Es obvio que esta distorsión es la consecuencia de políticas inspiradas en un modelo ideal de Universidad, caracterizada por “docentes de dedicación exclusiva, que, a su vez, hacen investigación, que publican en revistas con referato, que asisten a congresos científicos, en otras palabras, que amplían su currículo vitae siguiendo los patrones de funcionamiento de las comunidades científicas internacionales” (García de Fanelli, A. 2004).
Todo lo anterior se pretende en un escenario que muestra una estructura salarial que distorsiona los resultados de cualquier política por el bajo nivel de ingreso promedio y un financiamiento por alumno que no permite el desarrollo de una enseñanza de calidad.
¿Qué evaluar?
Por otra parte, una complejidad que se suma a los avatares que sufren los docentes, se refiere a que las calificaciones que obtienen por su productividad, decidida por pares, está generalmente referida a patrones cambiantes, que se construyen en relación a cómo evaluar las distintas producciones articuladas a contextos académicos y disciplinares diferentes. En un artículo publicado recientemente en el diario La Nación (27/06/05) sobre los sistemas para evaluar el trabajo de los investigadores, se formulan preguntas tales como ¿qué debería premiarse en un investigador: su productividad, la pertinencia de su trabajo, su tarea en la formación de recursos humanos o en la consolidación de su institución, su calidad o sus relaciones con científicos del extranjeros?

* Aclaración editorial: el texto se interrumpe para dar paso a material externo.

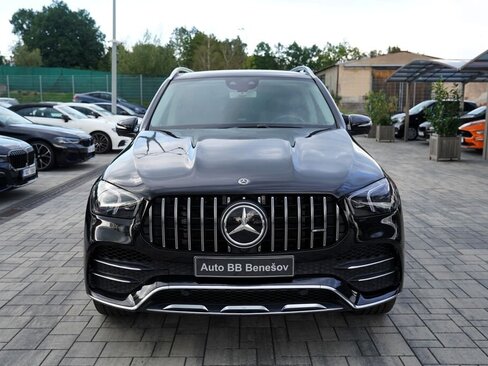 Mercedes-Benz Ostatní SUV / Terénní 4,0 l 360 kw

Según el especialista Juan
Rogers, citado en ese artículo, “uno de los importantes obstáculos que
encuentra quien quiera evaluar los resultados de la actividad científica es que
tanto la productividad, como la calidad o la pertinencia son valores en
competencia. Para satisfacer uno, a veces hay que sacrificar otro. No se pueden
satisfacer todos en su máxima expresión al mismo tiempo. Otra dificultad por
tener en cuenta es que gran parte del trabajo del investigador, que no se
refleja en sus publicaciones, es lo que ocurre con la formación de recursos
humanos”.
Justamente la cátedra de grado, si bien no forma estrictamente “recursos humanos” para la investigación, es el semillero de futuros profesionales y/o investigadores, a través de los conocimientos que transmite y la actividad intelectual que impulsa. La vida académica en las cátedras de grado no solo debería ser relevante para la formación profesional, sino para crear el “ímpetu intelectual” que la Universidad necesita, si no quiere transformarse en una empresa de productividad constante y calidad sospechada.

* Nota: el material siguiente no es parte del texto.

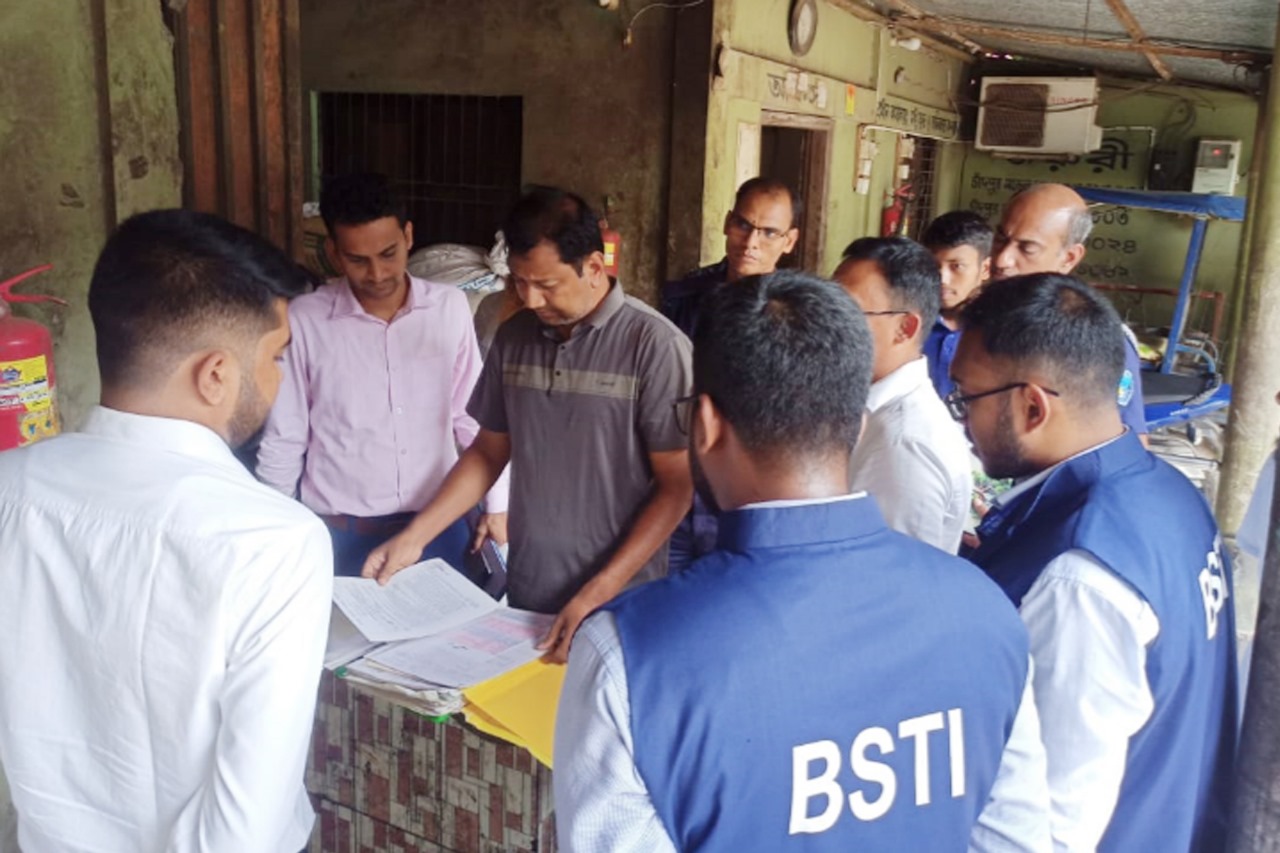 চাঁদপুরে দুই খাবার তৈরী কারখানাকে জরিমানা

Con docentes mal remunerados e impulsados por el sistema a mejorar su productividad, más que su calidad y su pertinencia, el peligro es que no solo la formación de grado pierda jerarquía sino las actividades orientadas a mejorar el sistema educativo en su conjunto. “El estado general del sistema es también responsabilidad de la Universidad; una responsabilidad que la Universidad argentina no ha asumido” (Coraggio, 2004).
Si bien existen actualmente políticas que estimulan la articulación de la Universidad para ayudar a desarrollar los otros niveles del sistema, la pregunta es: cuánto y cómo se valorarán estas actividades en el actual sistema de evaluación de la productividad académica.
Alicia Carranza
Prof. Escuela de la Ciencias de la Educación,
FFyH (UNC)
Citas:
Clark, B. (1983). El Sistema de Educación Superior. Una visión comparativa de la organización académica. Ed. Nueva Imagen. UAM.
Coraggio, J.L. (2004). Financiamiento de la Universidad y proyecto de País. En Delamata, G. (editora). La Universidad Argentina en el Cambio de Siglo. Universidad Nacional de San Martín.
Del Bello, J.C. (2004). Pensar el código genético de la Universidad Argentina. En ob.cit García de Fanelli, A. (2004) Demandas sociales y estatales y respuestas de la Universidad. En ob.cit.
Stubrin, A. (2004) Política Pública y Educación Superior. En ob.cit.